Michael Maxwell maxwell at umiacs.umd.edu
Mon Feb 2 15:35:40 UTC 2009


> I've been looking for a POS tagset that is general enough to
> effectively tag "any" natural language.  (I'm looking at Linguistic
> Typology / Universal Implications so I want to compare POS taggings
> across many [possibly obscure] languages.) Does anyone know of such a
> tagset?

One of the issues is going to be at what level of detail one wants the
tags.  If it's just the standard parts of speech (noun, verb,
pre-/post-position...), it might not be hard to come up with a list,
although there would be problems in particular languages (is the 'for' of
English for-to clauses a preposition or a complementizer, and is there
really a difference?).

If on the other hand, you want to tag things like person, number etc.,
which plenty of taggers have done, then there is a very long list of
features and feature values which one might tag.  There are for example
languages which, in addition to the usual singular/ plural distinctions in
the number feature, distinguish dual, trial, paucal, etc.; and languages
which have far different gender classes than are dreamed of in most
categorizations.  And there are languages which morphologically mark verbs
for such things as agreement with ergative and absolutive arguments, and
evidential status (seen/ inferred/ reportedly etc.).
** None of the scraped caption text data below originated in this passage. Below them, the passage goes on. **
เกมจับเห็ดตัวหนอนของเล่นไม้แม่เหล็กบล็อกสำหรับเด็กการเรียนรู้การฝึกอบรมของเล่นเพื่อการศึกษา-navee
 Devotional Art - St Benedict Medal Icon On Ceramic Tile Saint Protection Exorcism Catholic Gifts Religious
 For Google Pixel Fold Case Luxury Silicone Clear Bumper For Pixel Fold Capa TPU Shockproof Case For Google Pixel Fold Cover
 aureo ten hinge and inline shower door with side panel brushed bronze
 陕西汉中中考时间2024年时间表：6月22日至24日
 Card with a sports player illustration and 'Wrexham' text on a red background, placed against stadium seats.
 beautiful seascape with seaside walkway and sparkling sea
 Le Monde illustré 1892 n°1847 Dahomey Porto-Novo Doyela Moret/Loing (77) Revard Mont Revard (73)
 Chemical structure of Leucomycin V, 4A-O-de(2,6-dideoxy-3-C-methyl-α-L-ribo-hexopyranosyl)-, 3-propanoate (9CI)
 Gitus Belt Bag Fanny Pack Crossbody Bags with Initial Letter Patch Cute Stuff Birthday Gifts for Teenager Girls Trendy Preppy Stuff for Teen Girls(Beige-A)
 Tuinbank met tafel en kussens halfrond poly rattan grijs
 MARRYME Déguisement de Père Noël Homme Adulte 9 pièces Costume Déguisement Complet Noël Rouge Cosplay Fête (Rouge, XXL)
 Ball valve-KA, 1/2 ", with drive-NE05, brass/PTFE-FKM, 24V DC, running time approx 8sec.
Yet another issue for standardized tag sets is that some morphosyntactic
feature values will cover a wider range in one language than they might in
another, or values will overlap in different ways in different languages. 
Case systems are notoriously like that.

I know of two efforts to come up with lists of tags (in addition to the
responses you've already gotten).  One is the ISO TC 37/SC4 effort for
lexicons, which uses a "Data Category Registry" to register tags for use
in electronic lexicons; see http://www.isocat.org.  The last time I
looked, this struck me as rather Euro-centric, meaning that it might not
be a good fit for "possibly obscure" languages.

The other effort is the GOLD ontology,
http://linguistics-ontology.org/gold.html.  This ontology has been
populated by people who know about a very large variety of languages (with
initial input from a list compiled by SIL).  It is not really intended as
a list of tags (or of tag components), although you could use it that way,
but rather it is intended as something that a tag list could be defined by
reference to.  For example, it is common in Nahuatl to refer to the
'absolutive' form of a noun.  This has nothing to do with the ergative/
absolutive distinction, but it is nevertheless a standard usage among
Nahuatl (maybe even Uto-Aztecan) linguists.  The idea behind Gold is that
a Nahuatl linguist would continue to use the standard 'absolutive' term/
tag, but define it in terms of the categories in the Gold ontology.